Mary Malone eventually leaves the Church when she realizes that
denying herself physical pleasure serves nobody and prevents her
from experiencing life fully. The witches are said to live their
lives more fully because they revel in physical experience. They
sense air passing over their bodies and the light of the stars and
the glow of the aurora borealis in ways humans cannot. The kind
of pleasure that the witches take from the physical world makes
the Church condemn them. Pullman reinforces the importance of physical
pleasure by making Will and Lyra's physical pleasure the tonic that
saves the world.
Symbols
Symbols are objects, characters, figures, or colors
used to represent abstract ideas or concepts.
Daemons
Daemons, the external expressions of people's souls, take
forms that symbolize their owners' character.

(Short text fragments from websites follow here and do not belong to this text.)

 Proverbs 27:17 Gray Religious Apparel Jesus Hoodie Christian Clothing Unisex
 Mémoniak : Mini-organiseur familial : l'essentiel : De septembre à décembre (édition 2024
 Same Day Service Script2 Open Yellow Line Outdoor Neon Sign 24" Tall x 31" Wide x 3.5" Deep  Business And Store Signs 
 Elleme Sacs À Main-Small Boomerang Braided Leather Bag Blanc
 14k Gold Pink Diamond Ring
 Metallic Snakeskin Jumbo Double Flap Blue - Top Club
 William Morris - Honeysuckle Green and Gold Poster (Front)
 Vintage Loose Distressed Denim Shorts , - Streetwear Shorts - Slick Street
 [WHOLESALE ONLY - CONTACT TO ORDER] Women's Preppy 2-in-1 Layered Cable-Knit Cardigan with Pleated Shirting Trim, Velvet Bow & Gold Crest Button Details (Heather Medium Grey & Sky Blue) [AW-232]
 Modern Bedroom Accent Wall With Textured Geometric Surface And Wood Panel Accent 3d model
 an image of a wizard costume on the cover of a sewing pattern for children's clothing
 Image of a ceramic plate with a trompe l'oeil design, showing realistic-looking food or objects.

Witches' daemons,
for example, take the form of birds. This form represents, most
literally, the witches' ability to fly. It also represents the witches'
freedom from the constraints of society. Daemons also represent
their owner's strength or weakness. Someone who can separate from
his or her own soul is someone who has great power and a strong
will. Witches are able to stay far away from their daemons without
harm. John Parry and his daemon, Sayan Kötör, have the same ability. Sayan
Kötör can fly far away without causing pain to either himself or
Parry. Separating from one's daemon is a painful task, as Lyra finds
out on the banks of the river of the world of the dead. Leaving their
daemons behind is a difficult coming-of-age ritual for the witches.
Feeding
Because His Dark Materials is in some
ways a retelling of Adam and Eve's fall from grace, Pullman stresses
the symbolism of feeding one's lover as Eve fed Adam. For Mary,
Lyra, and Will, receiving food symbolizes physical pleasure and
mental maturity. When Mary was a teenager, a boy fed her a piece
of marzipan. Like Adam and Eve, she realized how sweet the food
and the sensation were and realized that she should not stifle her
physical urges. Similarly, when Lyra and Will are searching for
their daemons after they have escaped into the world of the mulefa,
Lyra feeds Will a piece of fruit and they kiss. It is this reenactment
of the Fall through one lover feeding another that heals the world.
The Aurora Borealis
The aurora borealis, the beautiful play of lights that
stretches across the sky in the northern reaches of Lyra's world
(and our own), has always intrigued Lyra. The lights reveal the
flimsiness of the layer that separates worlds. Though she's had
experience with ghosts at Jordan College, Lyra's vision of the strange
shifting lights of the aurora borealis are the first hint she has
that something much bigger than her life in Oxford might exist.
The witches play in the lights and angels pass between worlds in
places like the aurora, where the layers between worlds are thinner.
It is beneath the aurora borealis that Lord Asriel opens up a breach
into another world by killing Roger. In the light of the aurora
borealis, Dust is also more visible.